**Instructions to follow**: From the line with "Vestido Mini de" through the last line of the records below, both ends included, transcribe only those lines, exactly, and omit the pictures.

════

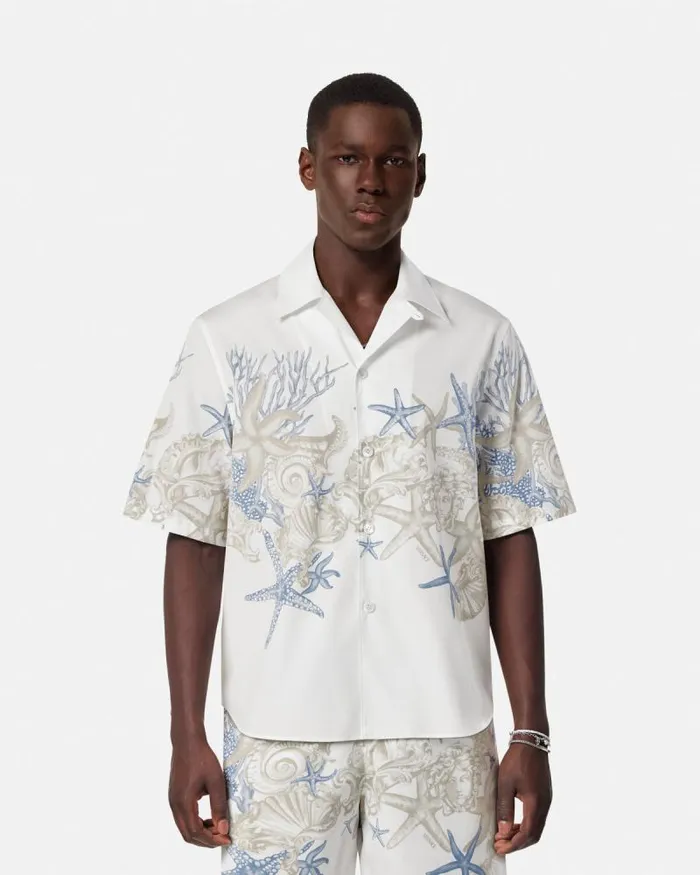 Barocco Sea Cotton Shirt Whiteprint Men Versace Shirts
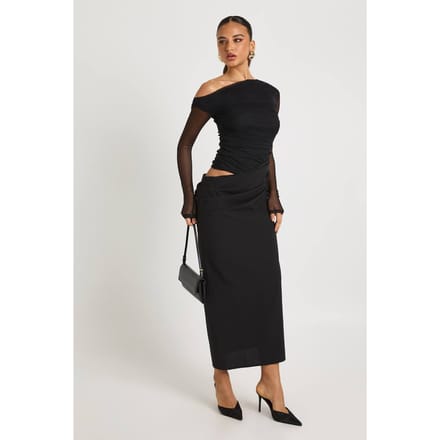 boohoo Dames Mesh Mix Draped Midaxi Jurk | Black | Maat: 8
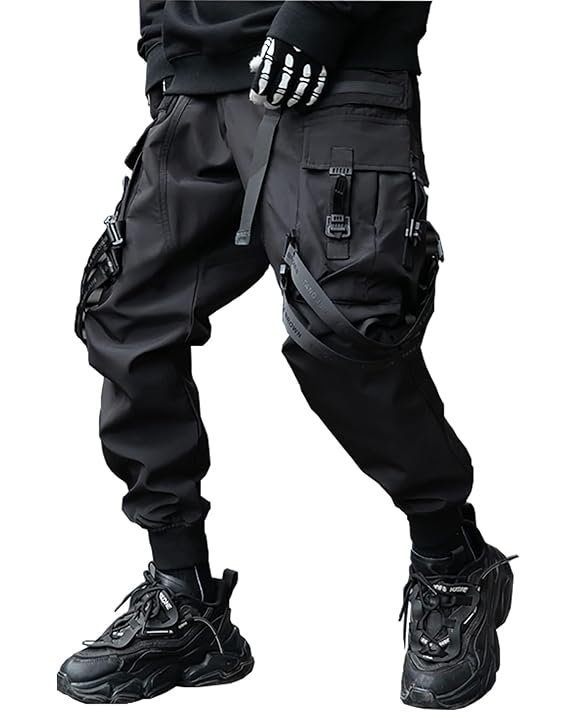 Niepce Inc Men's Japanese Streetwear Techwear Cargo Pants with Design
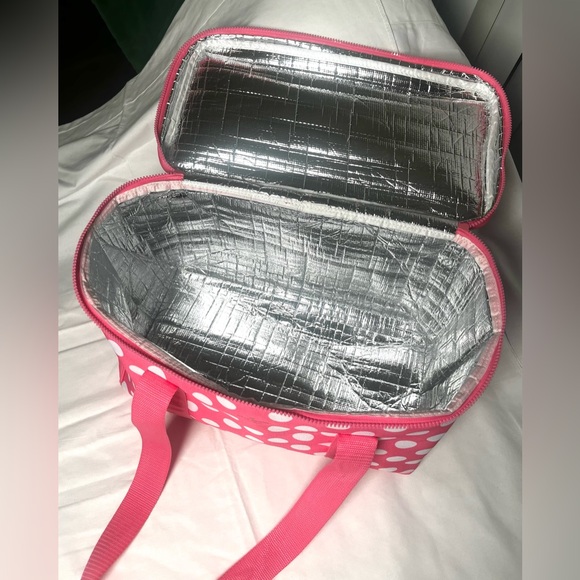 Large Kate Spade Pink and White Polka Dot Cooler Bag - Picture 4 of 6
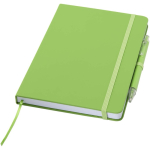 Set con taccuino A5 con copertina rigida e penna a inchiostro blu color lime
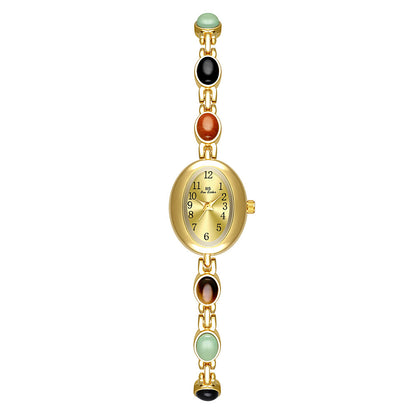 Natural Tiger Eye Premium Women's Watch – Elegant Vintage Gold Fashion Timepiece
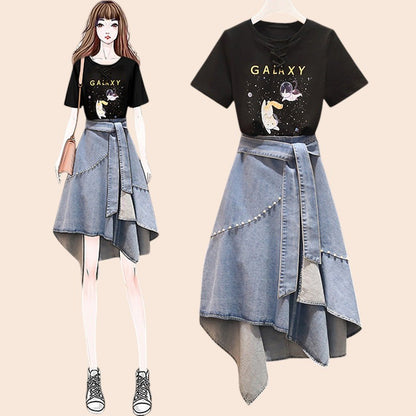 Western-Inspired Denim Two-Piece Skirt Set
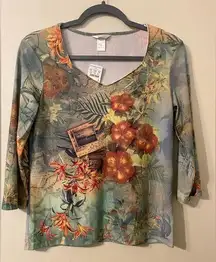 New NWT Christopher & Banks 3/4 Sleeve V-Neck Tee Floral Map Postcard Size Small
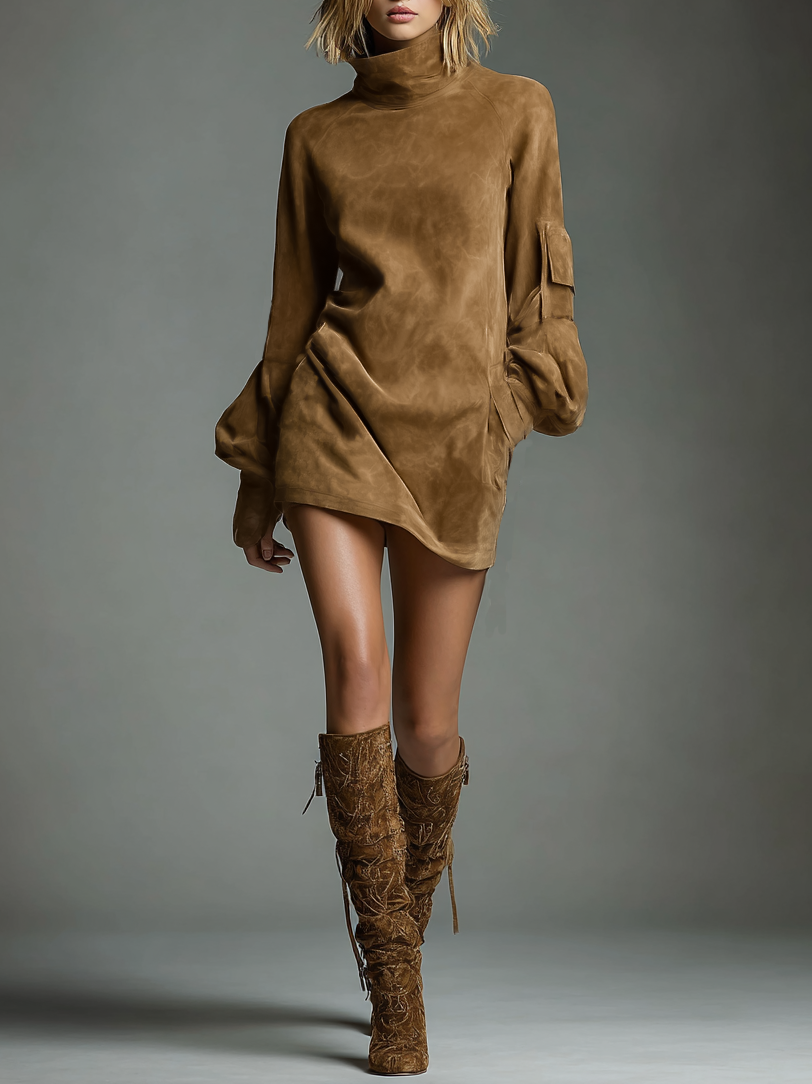 Vestido Mini de Fiesta Vintage de Suede para Mujeres con Cuello Alto y Manga Larga, Corte Suelto, Casual, Retro – Marrón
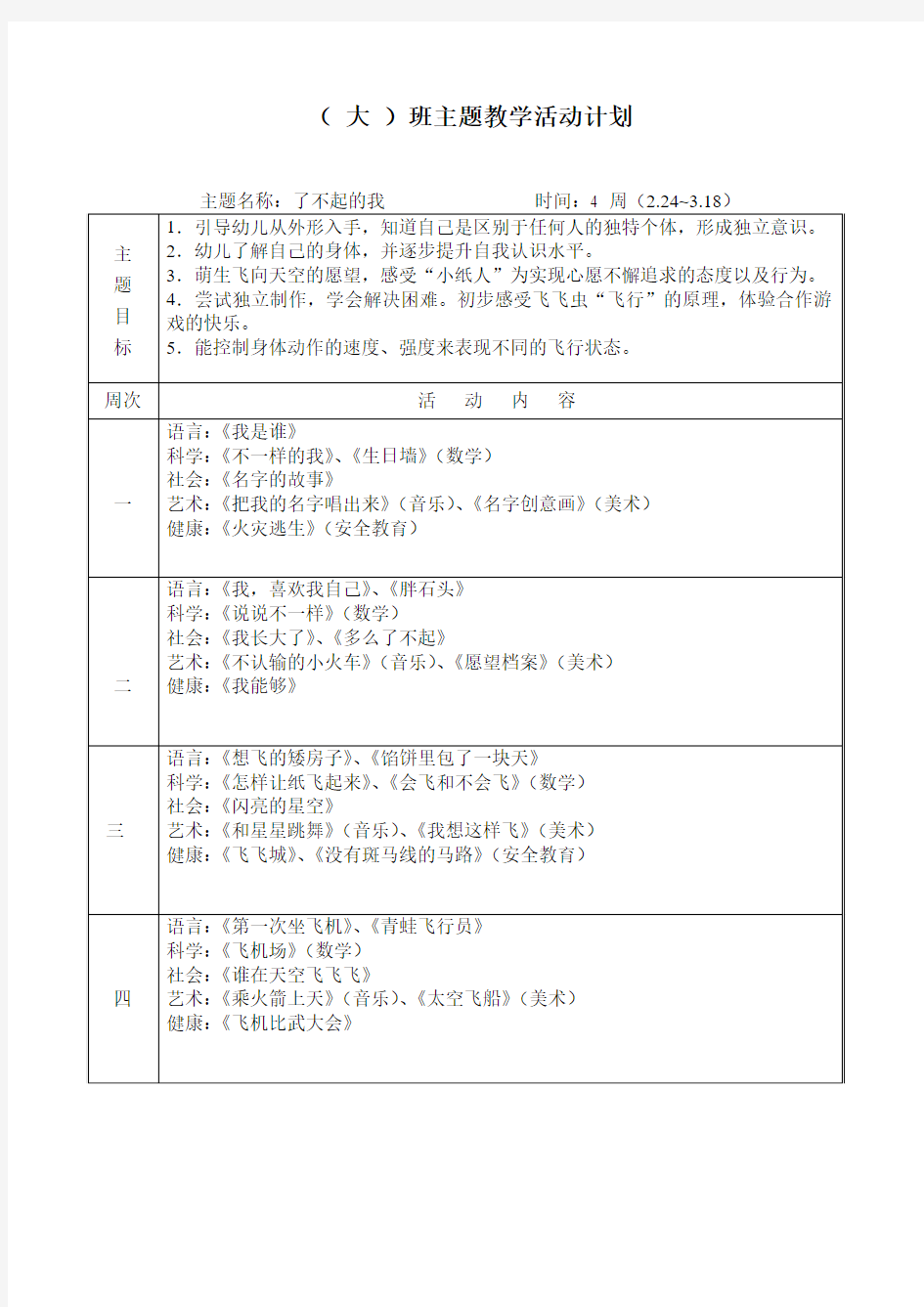 大班第二学期主题计划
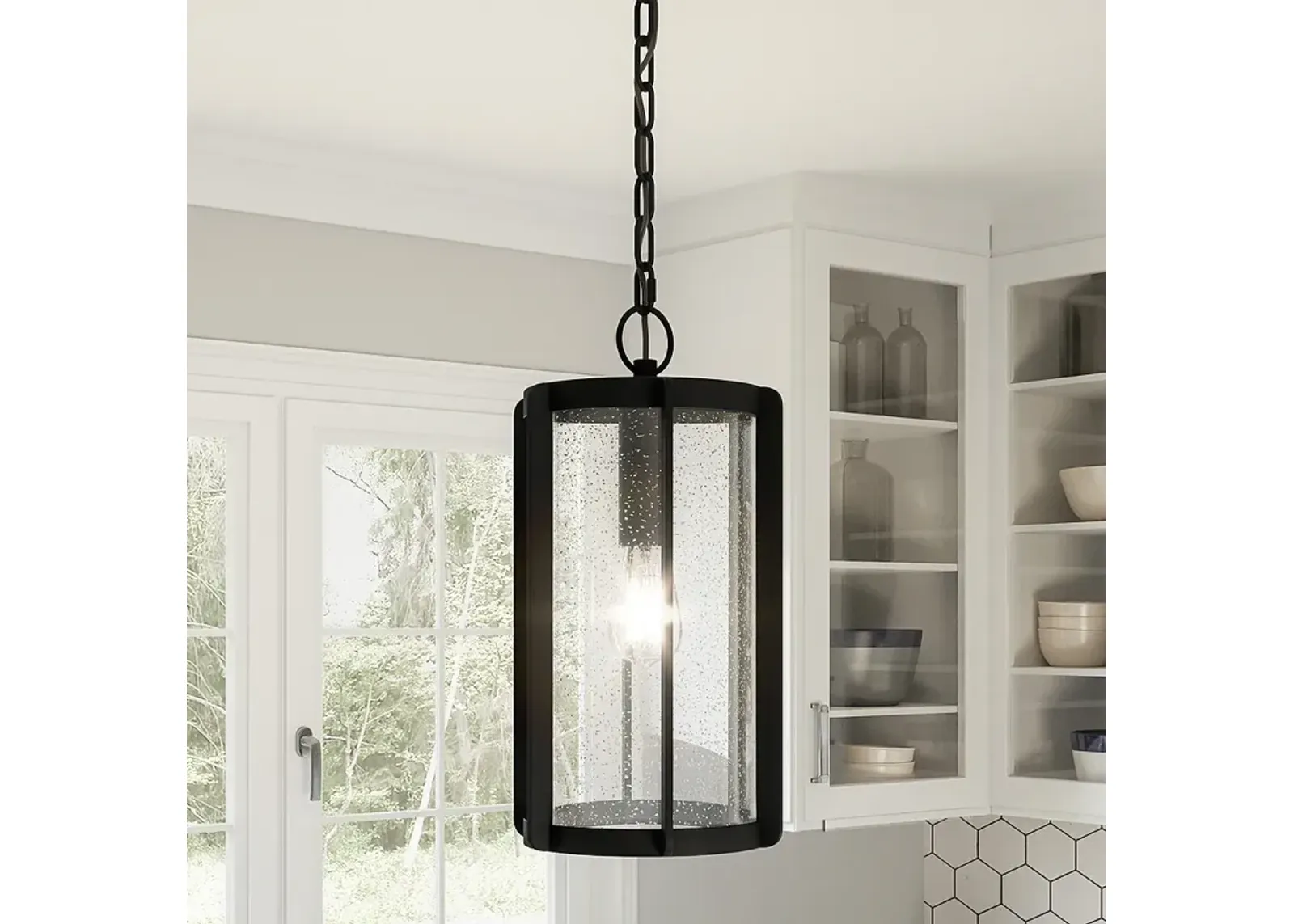 Quoizel Hazel 17" High Earth Black Outdoor Mini-Pendant Light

════

**Answer space**:
 Vestido Mini de Fiesta Vintage de Suede para Mujeres con Cuello Alto y Manga Larga, Corte Suelto, Casual, Retro – Marrón
 大班第二学期主题计划
 Quoizel Hazel 17" High Earth Black Outdoor Mini-Pendant Light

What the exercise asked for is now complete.